Background

Comorbidity is an important component of individual risk and health status. It has been shown to be an important determinant of health care utilization, predictor of health outcomes and mortality. Studies using large administrative data-based cohorts to predict death have historically adjusted for individual risk on the basis of comorbidities present at baseline [1, 2]. However, disease severity, and the presence and progression of comorbidities, is not static. Risk adjustment for comorbidities often ignores the nature of disease progress in the observational period. Little is known about how comorbidities developing during follow-up and/or how changes in disease severity over time impact the ability to predict important outcomes such as mortality.

The Charlson comorbidity index (CCI) [3] was developed as a prognostic classification and weighting methodology that predicts mortality based on disease burden. Short-term studies predicting 30-day and 1-year mortality using time-invariant baseline Charlson comorbidities adjustment have shown good performance. Recent studies suggest that predictive models solely relying on baseline measures of comorbidity may be less accurate in longer follow-up studies where novel conditions or changes in disease severity are more likely to occur [2, 46]. However, few studies account for changes in disease state after baseline and there is contradictory evidence about the value of time-varying effects in prognostic model performance [1, 7].

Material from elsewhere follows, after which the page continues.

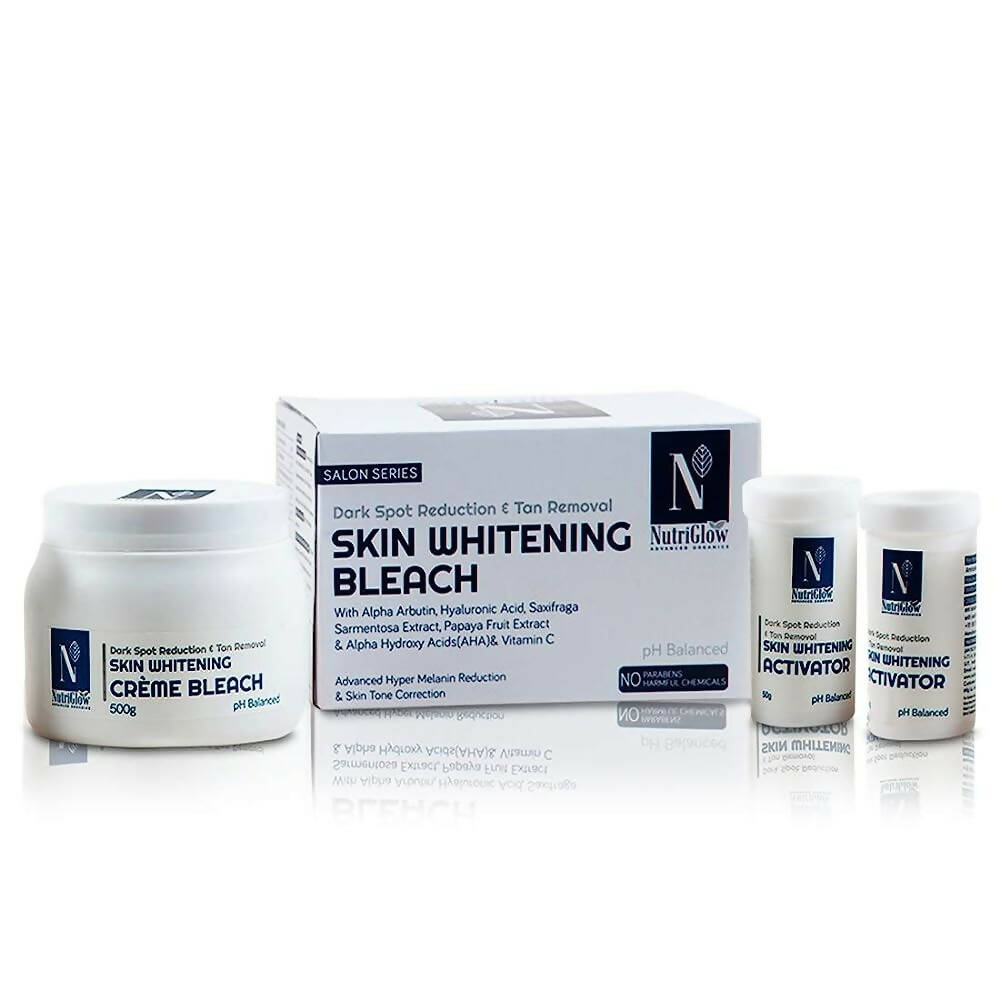 NutriGlow Advanced Organics Cream Bleach Kit | Grocsy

The purpose of this study was to determine whether predictive models accounting for changes in patient comorbidity status over time may more accurately capture a patient’s health risk and better predict long-term survival than models using only baseline measures of comorbidity.

Methods

Data sources

Administrative databases used in the study included: (1) Hospital discharge abstracts (DAD), (2) the Alberta Health Care Insurance Plan (AHCIP) registry, (3) Physician billing claims, and (4) vital statistics. Clinical visit information for all patients discharged from Alberta hospitals is abstracted and recorded. Clinical information in DAD includes up to 16 possible diagnoses abstracted using International Classification of Disease (ICD), 9th Revision (i.e., ICD-9), ICD-9 Clinical Modification (ICD-9-CM) and up to 25 possible diagnoses abstracted using ICD-10 Canadian Modification (i.e., ICD-10-CA) [8]. The AHCIP includes individually identifiable demographic information (Personal Health Number (PHN), date of birth, sex, and postal code) for all Alberta residents eligible to receive universally covered healthcare services. Physician fee-for-service and shadow billing claims submitted to the provincial government includes information on type of provider, patient and clinic information, with at least one, but up to three, ICD-9 diagnostic codes for both outpatient as well as inpatient hospital services provided by Alberta physicians to eligible Albertans who have registered under the AHCIP.

Study population

The study population included all adults aged 18 years and older who were residents of the Province of Alberta and newly diagnosed with hypertension. We identified individuals with hypertension, using relevant ICD-9 (401.x, 402.x, 403.x, 404.x, or 405.x) and ICD-10-CA codes (I10.x, I11.x, I12.x, I13.x, or I15.x), and assigned the earliest date of a physician visit or hospital separation as the index date using methods previously described [9]. We excluded patients with an index date between April 1, 1994 and March 31, 1997 (the washout period), thereby focusing on patients newly diagnosed with hypertension between April 1, 1997 and March 31, 2009. We excluded patients from the study if they met any of the following criteria: 1) hypertensive patients diagnosed in the washout period (between April 1, 1994 and March 31, 1997); 2) patients with myocardial infarction, heart failure or stroke during the 3 years leading up to the study or within 30 days following the diagnosis of hypertension; 3) patients who died the same day that they were diagnosed with hypertension; 4) patients with less than 1-year of follow.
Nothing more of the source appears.